• _Exercise prompt_
Write out the full set of records exactly. Any pictures in them do not belong in the copy.

++++ Dataset extract ++++

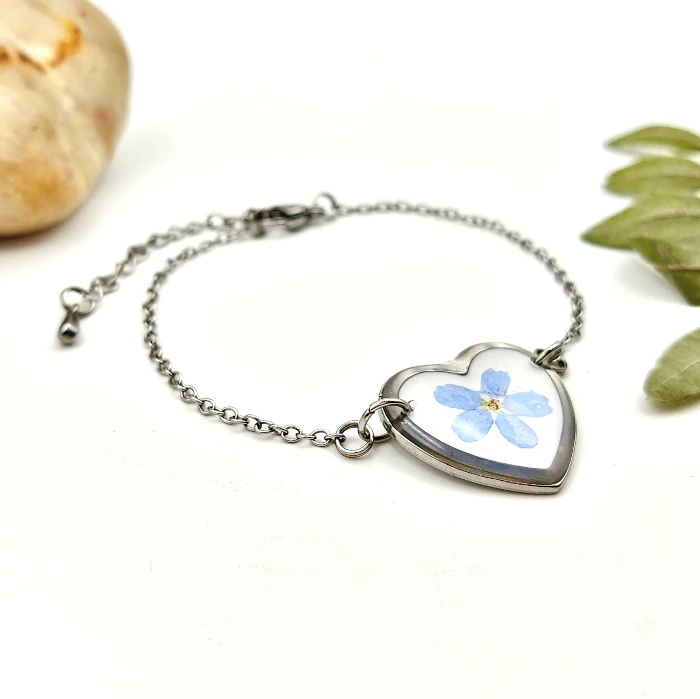 Náramky - Nezábudka v srdci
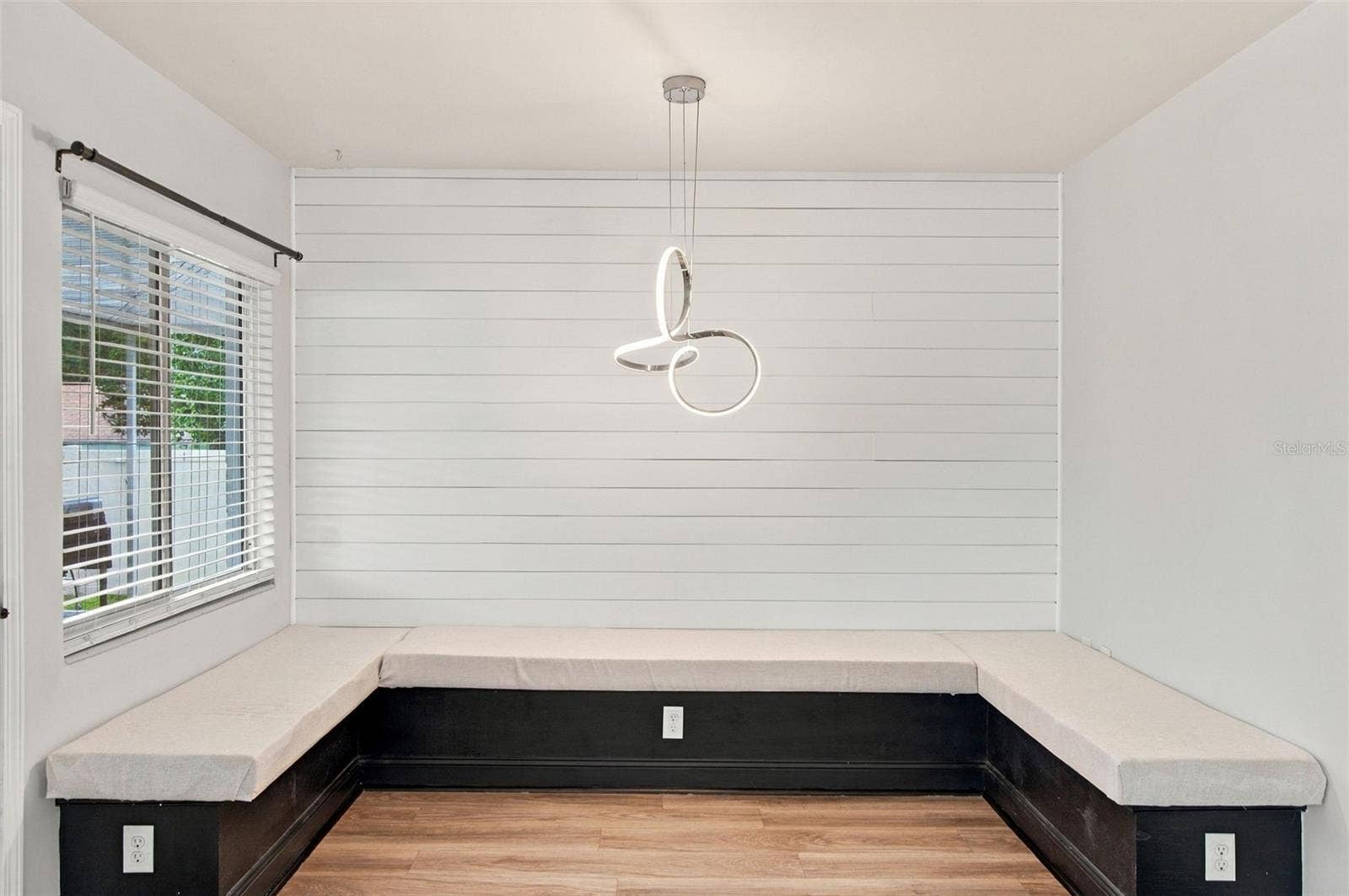 930 DORA AVENUE, Tavares, FL 32778 Dining Room Built In Seating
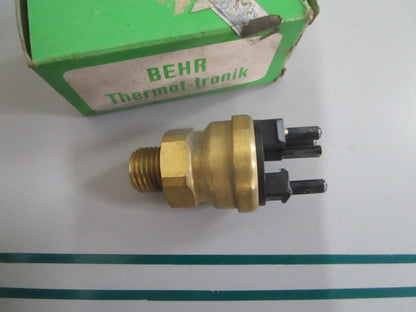 NEW OEM 0065459154 Mercedes-Benz Behr Temperature Sensor 0820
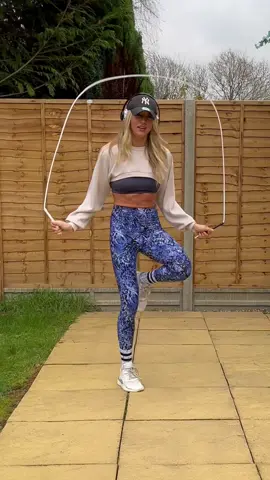 A bit of freestyle! Did you catch the direction changes? #jumprope #Fitness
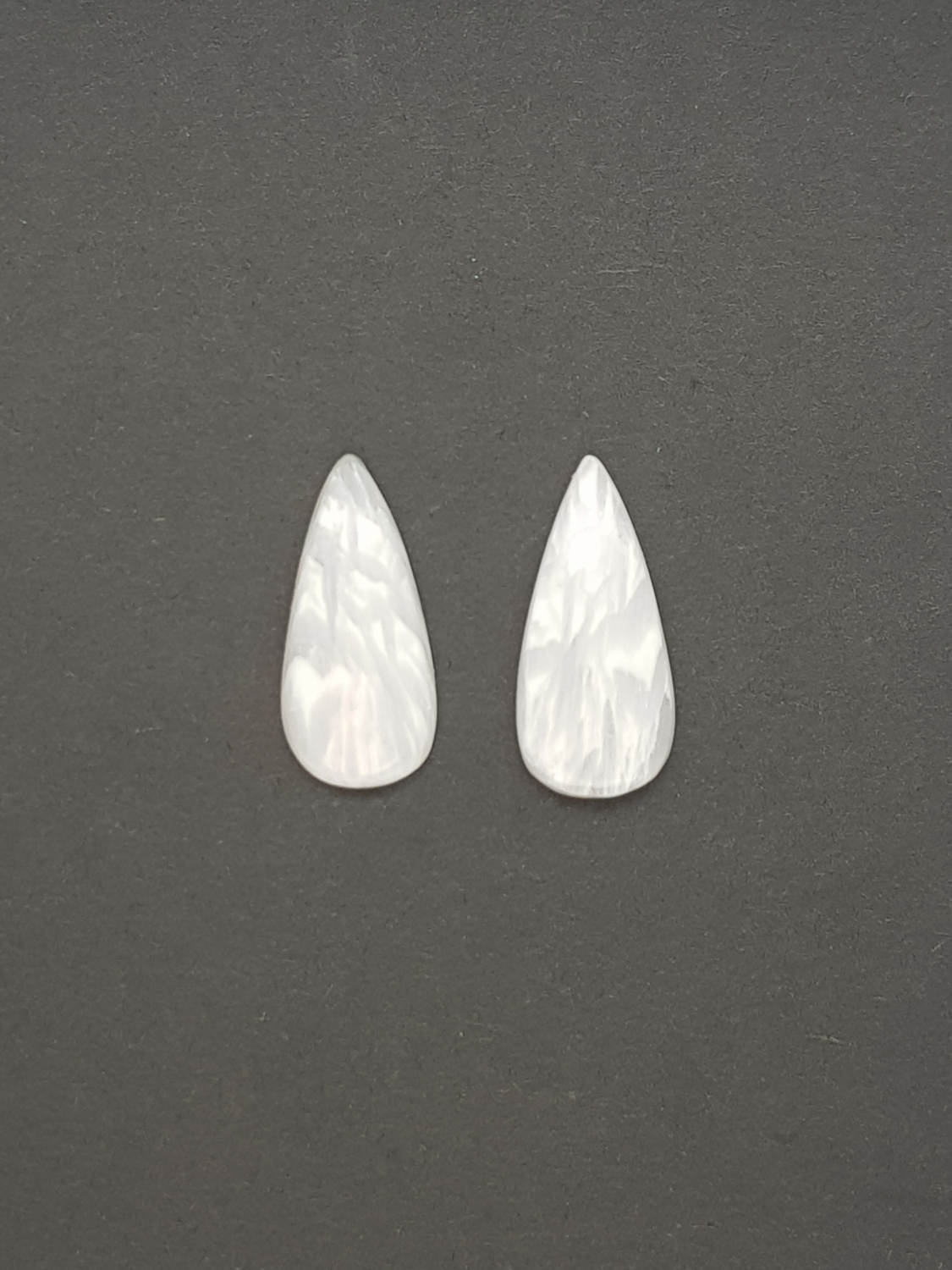 Scoleciet druppel cabochon 27,3x12,7x4,1mm per paar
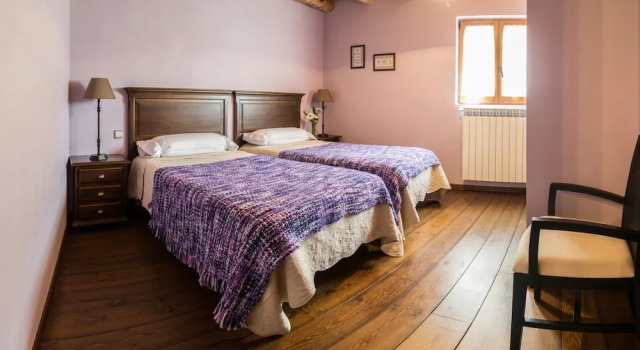 Casa Insol, Book Hotel Hotels in Aragon with Parking, Parking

++++

• _Exercise answer_
 Náramky - Nezábudka v srdci
 930 DORA AVENUE, Tavares, FL 32778 Dining Room Built In Seating
 NEW OEM 0065459154 Mercedes-Benz Behr Temperature Sensor 0820
 A bit of freestyle! Did you catch the direction changes? #jumprope #Fitness
 Scoleciet druppel cabochon 27,3x12,7x4,1mm per paar
 Casa Insol, Book Hotel Hotels in Aragon with Parking, Parking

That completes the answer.